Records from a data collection
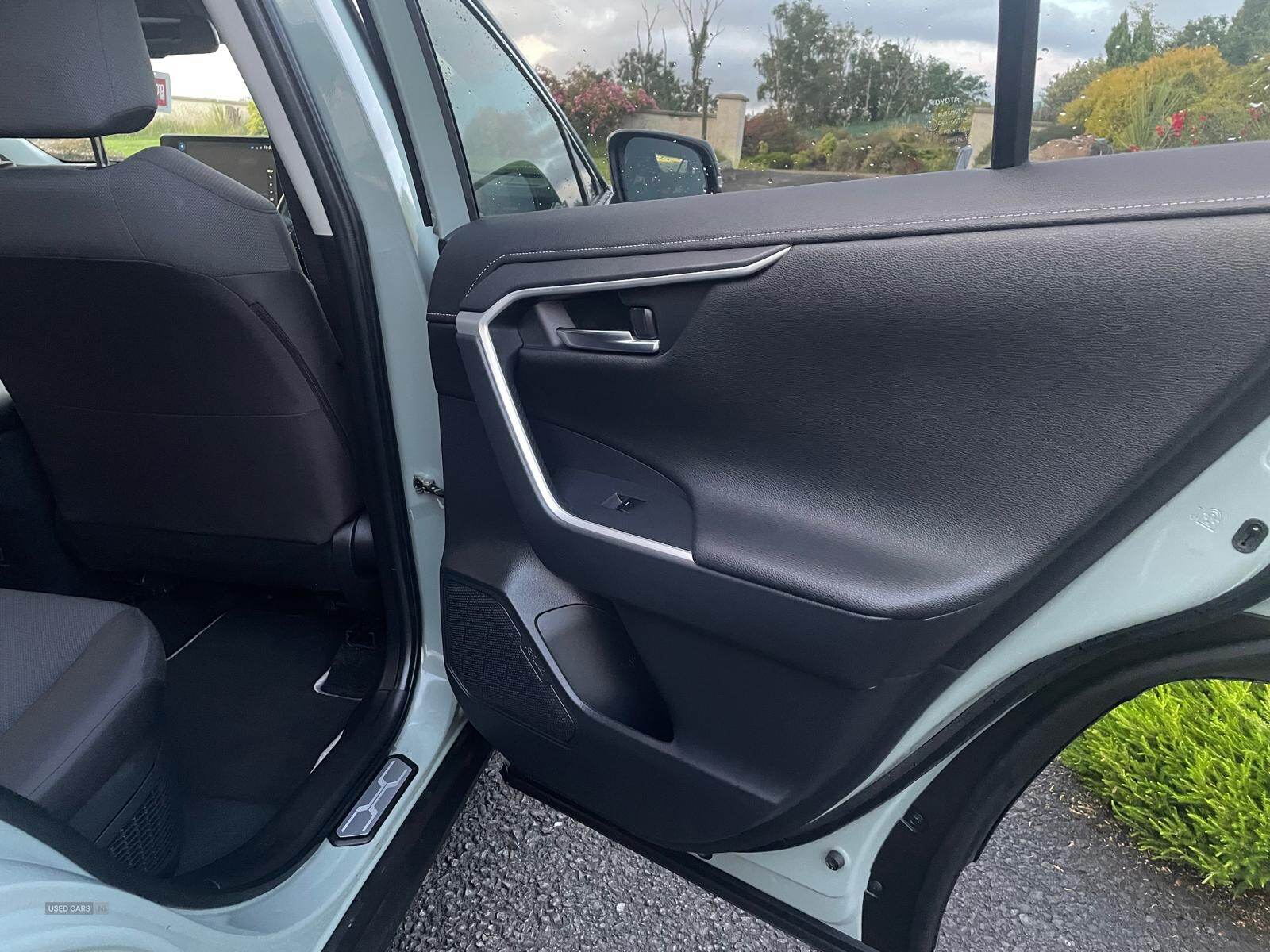 Mar 2023 Toyota RAV4 2.5 VVT-i Hybrid Design 5dr CVT 2WD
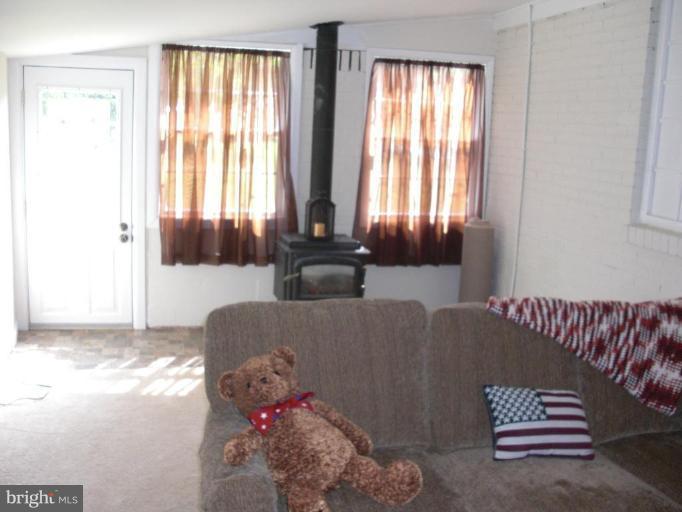 9121 Jordan Road Fairplay, MD 21733 - Photo 2 of 21 Sitting Room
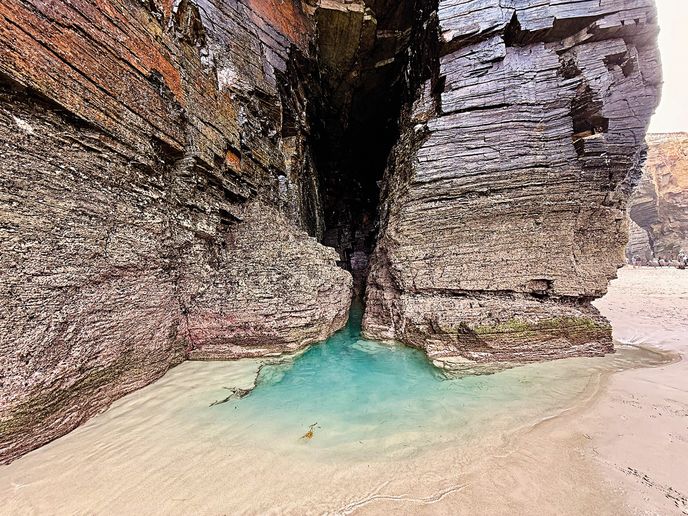 V prohlubních pláže se tvoří při odlivu malá jezírka V prohlubních pláže se tvoří při odlivu malá jezírka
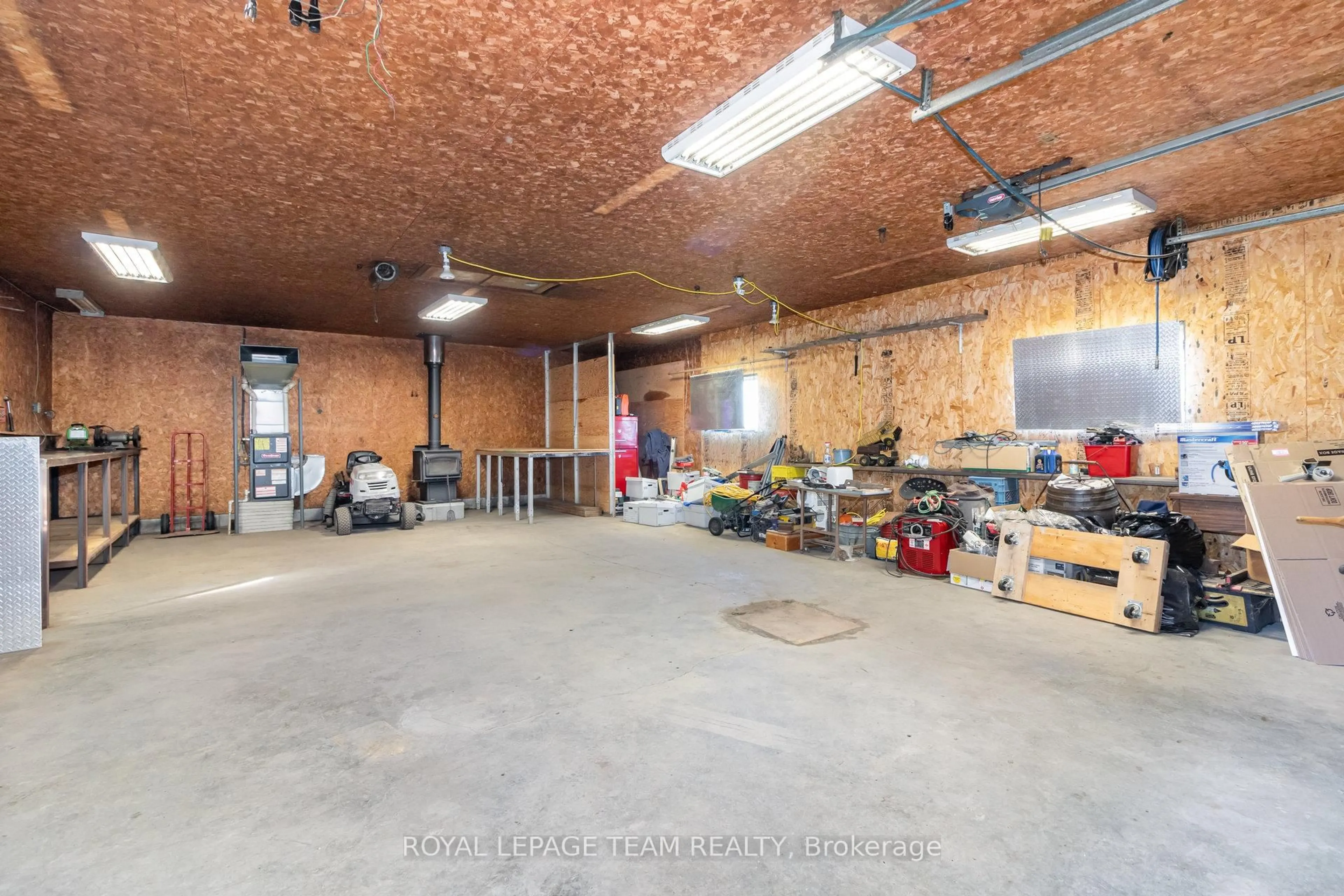 Indoor garage for 12121 Liscumb Rd, North Dundas Ontario K0C 2K0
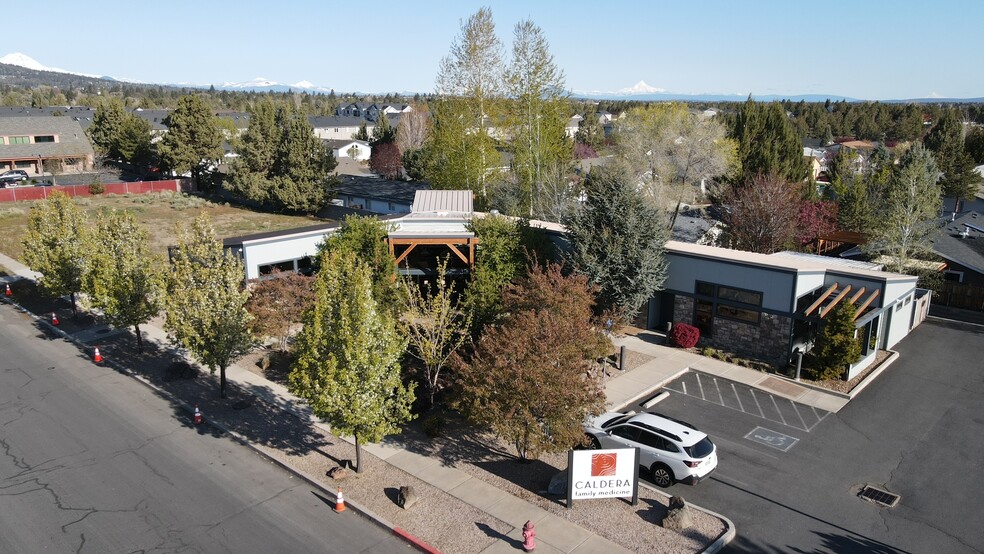 2564 NE Courtney Dr, Bend, OR for sale - Building Photo - Image 1 of 1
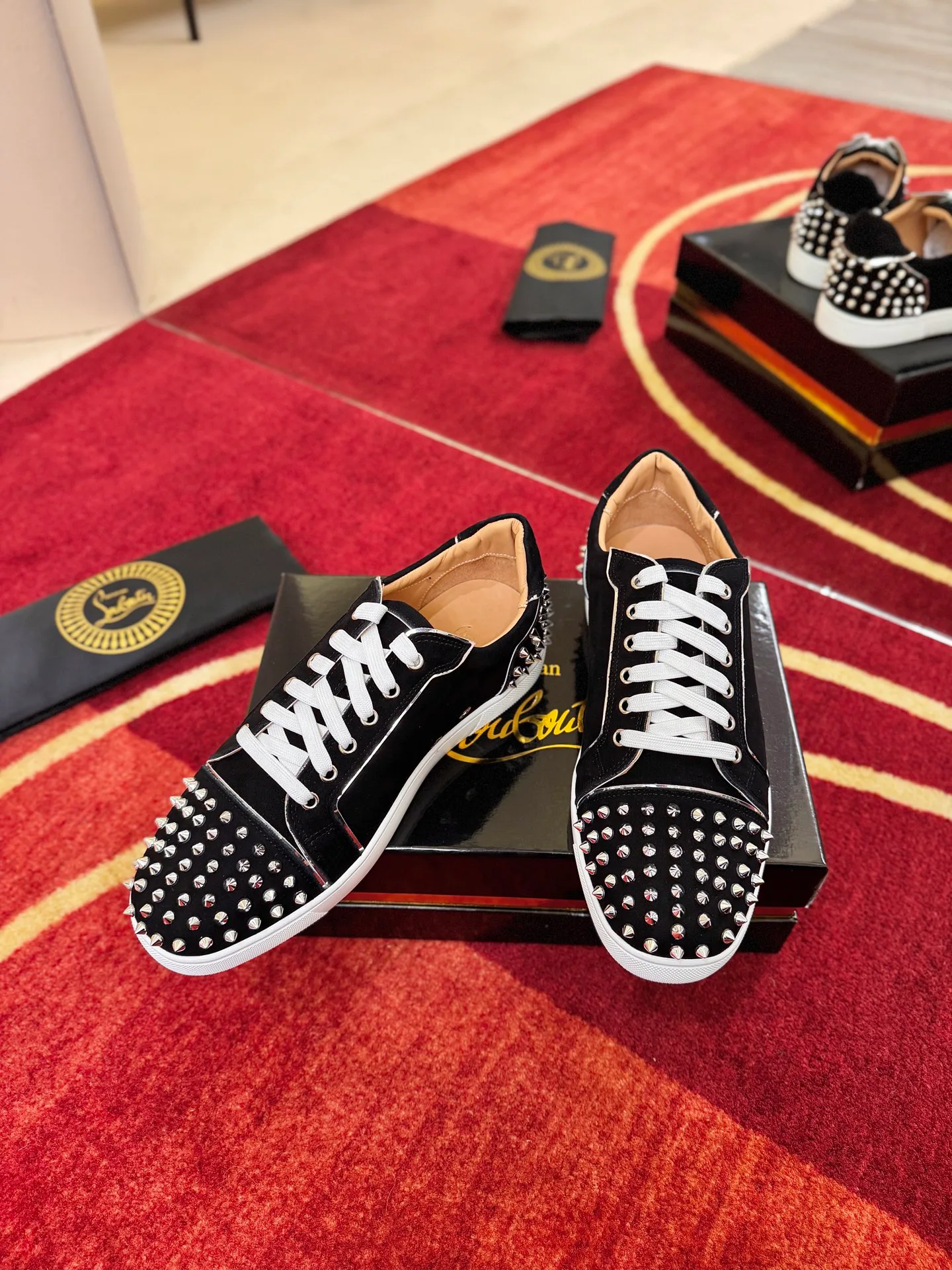 Кроссовки Женские Christian Louboutin 19636672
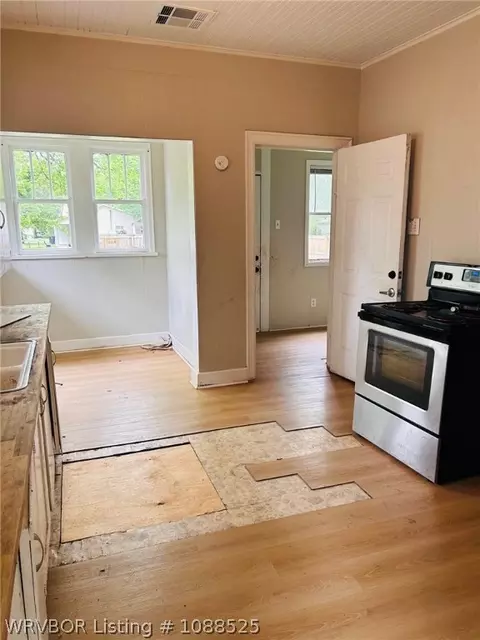 Entry Way - 615 N 21st St, Fort Smith, AR 72901 photo 1 of 3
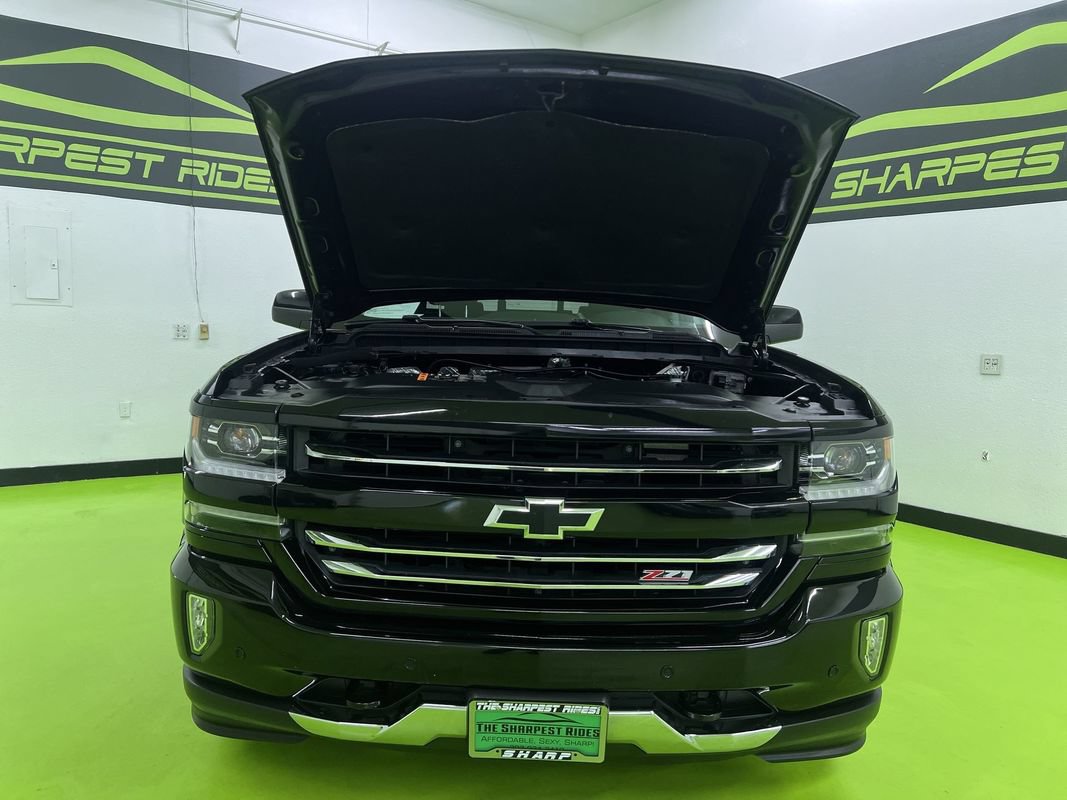 Used 2018 Chevrolet Silverado 1500 LTZ Z71 w/ Redline Edition AWD/4WD image 4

## [Required action]
From the first line to the last, set down the records above exactly and skip the pictures.

## [Task output]
 Mar 2023 Toyota RAV4 2.5 VVT-i Hybrid Design 5dr CVT 2WD
 9121 Jordan Road Fairplay, MD 21733 - Photo 2 of 21 Sitting Room
 V prohlubních pláže se tvoří při odlivu malá jezírka V prohlubních pláže se tvoří při odlivu malá jezírka
 Indoor garage for 12121 Liscumb Rd, North Dundas Ontario K0C 2K0
 2564 NE Courtney Dr, Bend, OR for sale - Building Photo - Image 1 of 1
 Кроссовки Женские Christian Louboutin 19636672
 Entry Way - 615 N 21st St, Fort Smith, AR 72901 photo 1 of 3
 Used 2018 Chevrolet Silverado 1500 LTZ Z71 w/ Redline Edition AWD/4WD image 4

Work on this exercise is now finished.